Mother of DUI Victim Finds Peace With Her Daughter's Killer
Looking at the mangled wreck of twisted steel brings back the day that changed Renee Napier's life.
"It's horrific, you know it really is, to think about the fact that she got crushed," said Napier.
Her precious 20-year-old daughter Megan was killed while riding in the passenger seat of the car. But what will shock you is this: Napier has not only forgiven the man responsible for her daughter's death—she even thinks of him like a son.
"I'm still blown away every time I hear the story about how you've come to forgive the guy who killed your daughter," said the driver, Eric Smallridge.
It was a Mother's Day, Megan and her best friend Lisa were driving home. Eric Smallridge had 14 beers in him when he got behind the wheel and slammed his Jeep into the girls' car.
"I can't even imagine what was going through her mind at that moment," said Napier.
Both girls were killed instantly.
Smallridge—handsome, clean-cut, a college athlete—was convicted of DUI manslaughter.

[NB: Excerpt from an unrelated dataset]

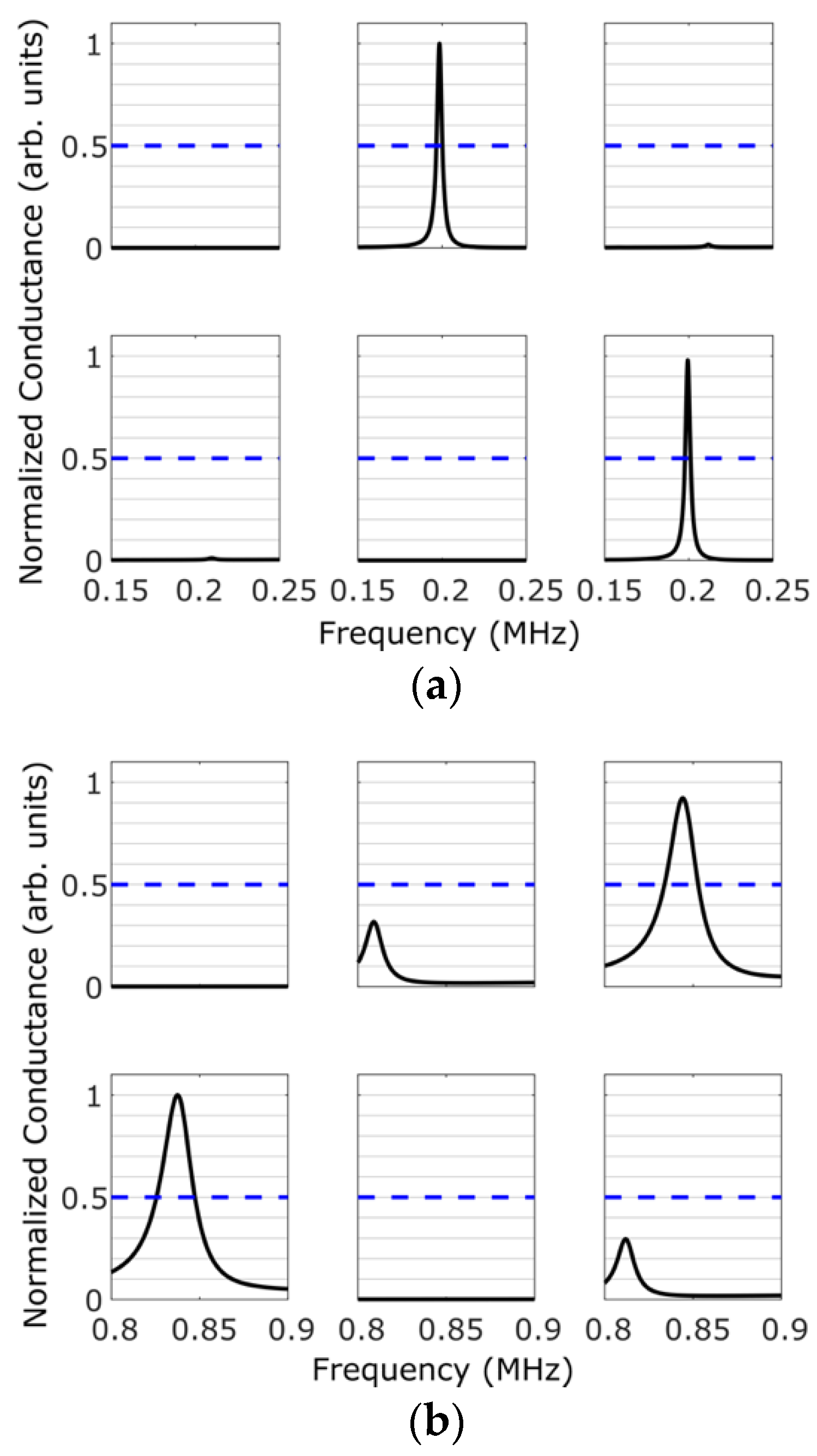 Sensors 20 06344 g005 Sensors 20 06344 g005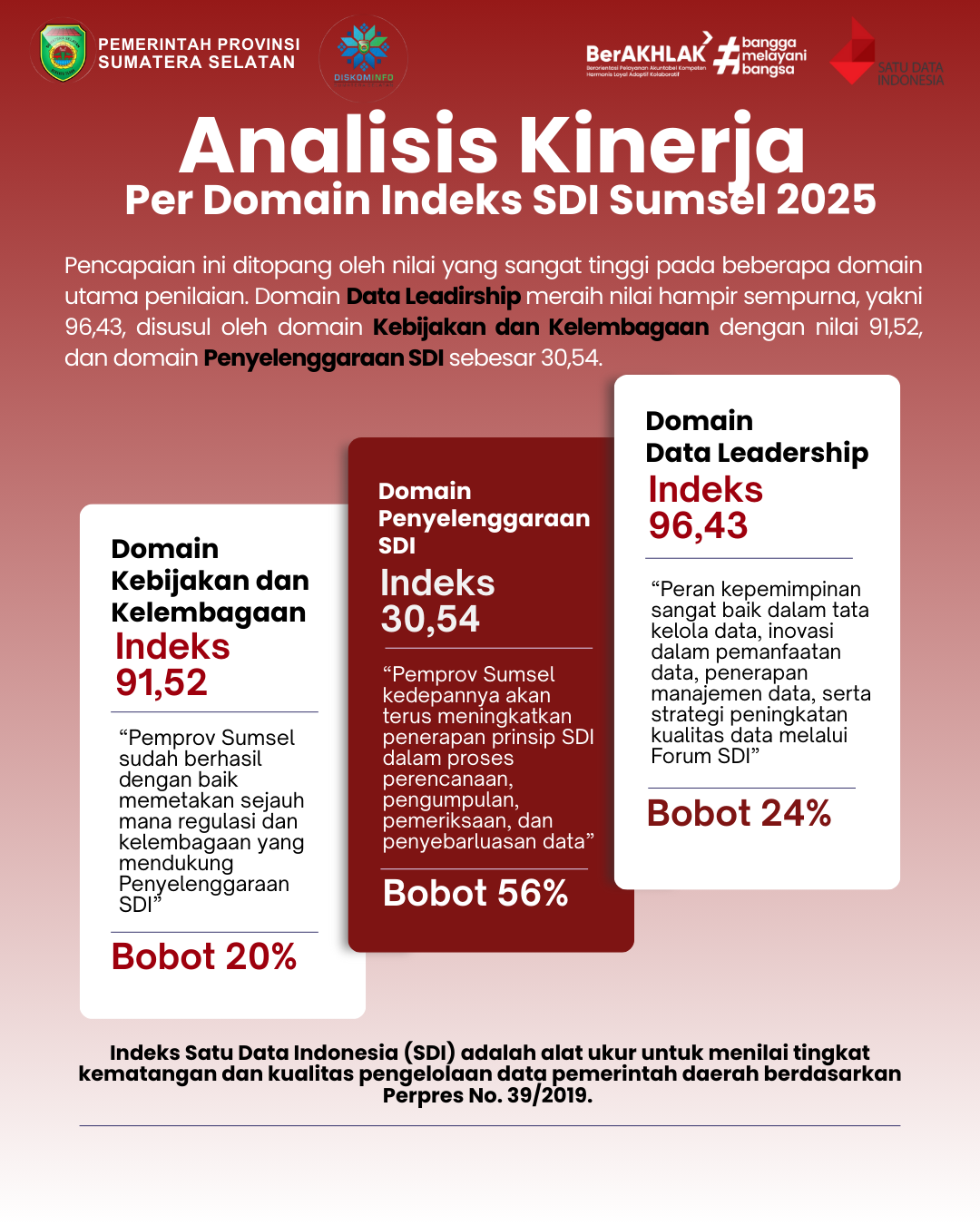 Analisis Kinerja Per-Domain Indeks SDI Provinsi Sumatera Selatan Tahun 2025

At sentencing, he got 22 years in prison and broke down in court.
"I know I've done wrong, and I need to be punished," said Smallridge.
"I believe that the tears were definitely real," said Napier.

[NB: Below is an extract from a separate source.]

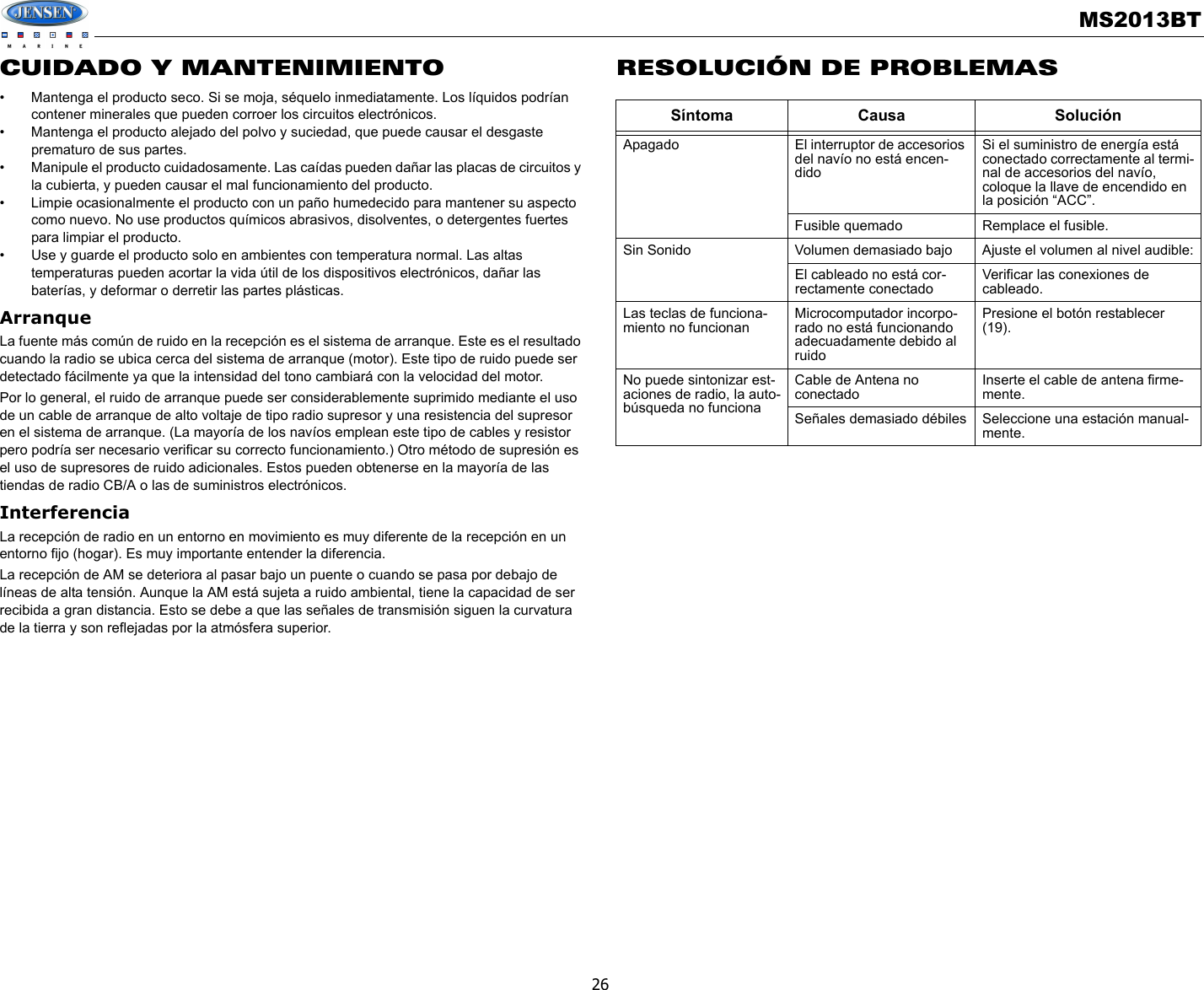 MS2013BT26CUIDADO Y MANTENIMIENTO• Mantenga el producto seco. Si se moja, séquelo inmediatamente. Los líquidos podrían contener minerales que pueden corroer los circuitos electrónicos. • Mantenga el producto alejado del polvo y suciedad, que puede causar el desgaste prematuro de sus partes.• Manipule el producto cuidadosamente. Las caídas pueden dañar las placas de circuitos y la cubierta, y pueden causar el mal funcionamiento del producto.• Limpie ocasionalmente el producto con un paño humedecido para mantener su aspecto como nuevo. No use productos químicos abrasivos, disolventes, o detergentes fuertes para limpiar el producto.• Use y guarde el producto solo en ambientes con temperatura normal. Las altas temperaturas pueden acortar la vida útil de los dispositivos electrónicos, dañar las baterías, y deformar o derretir las partes plásticas.ArranqueLa fuente más común de ruido en la recepción es el sistema de arranque. Este es el resultado cuando la radio se ubica cerca del sistema de arranque (motor). Este tipo de ruido puede ser detectado fácilmente ya que la intensidad del tono cambiará con la velocidad del motor.Por lo general, el ruido de arranque puede ser considerablemente suprimido mediante el uso de un cable de arranque de alto voltaje de tipo radio supresor y una resistencia del supresor en el sistema de arranque. (La mayoría de los navíos emplean este tipo de cables y resistor pero podría ser necesario verificar su correcto funcionamiento.) Otro método de supresión es el uso de supresores de ruido adicionales. Estos pueden obtenerse en la mayoría de las tiendas de radio CB/A o las de suministros electrónicos.Interferencia La recepción de radio en un entorno en movimiento es muy diferente de la recepción en un entorno fijo (hogar). Es muy importante entender la diferencia.La recepción de AM se deteriora al pasar bajo un puente o cuando se pasa por debajo de líneas de alta tensión. Aunque la AM está sujeta a ruido ambiental, tiene la capacidad de ser recibida a gran distancia. Esto se debe a que las señales de transmisión siguen la curvatura de la tierra y son reflejadas por la atmósfera superior.RESOLUCIÓN DE PROBLEMASSíntoma Causa SoluciónApagado El interruptor de accesorios del navío no está encen-didoSi el suministro de energía está conectado correctamente al termi-nal de accesorios del navío, coloque la llave de encendido en la posición “ACC”.Fusible quemado Remplace el fusible.Sin Sonido Volumen demasiado bajo Ajuste el volumen al nivel audible:El cableado no está cor-rectamente conectado Verificar las conexiones de cableado.Las teclas de funciona-miento no funcionan Microcomputador incorpo-rado no está funcionando adecuadamente debido al ruidoPresione el botón restablecer (19).No puede sintonizar est-aciones de radio, la auto-búsqueda no funcionaCable de Antena no conectado Inserte el cable de antena firme-mente.Señales demasiado débiles Seleccione una estación manual-mente.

"She never once looked me in the face and told me that she hated me. The first thing I heard from her mouth really was, 'I forgive you,'" said Smallridge.
Renee did something many people will find remarkable—she actually petitioned the court, which agreed to cut Smallridge's 22-year sentence in half.
"He was going to be in prison 22 years. That was huge because that's like another life that's lost in this whole horrible tragedy. I could hate him forever. Will that bring my daughter back? No," said Napier.
Now, Eric Smallridge's face is on billboards with the words: "I Drank, Drove, Killed."
Flanked by cops—because he is still incarcerated—Smallridge travels to Florida schools and sits in the audience as Napier speaks to students.
"We definitely do not plan to bury our children. That was most devastating moment of my life," Napier told an audience of students.
Then the big moment: she introduced the man who killed her daughter, and the two embraced for everyone to witness.
Smallridge showed the students one of the prison uniforms he has worn for 9 years.
"At no point did I think I would cause so much pain to so many people," Smallridge told the audience.
To drive the danger home, the wrecked car was driven into the school parking lot. It was a moment of sincere reflection.
"I think it's incredible that she has forgiven him," said one student after the presentation.
"I don't know how she could do that," said another.
Together, Napier feels she and Smallridge are delivering a powerful message of faith and forgiveness.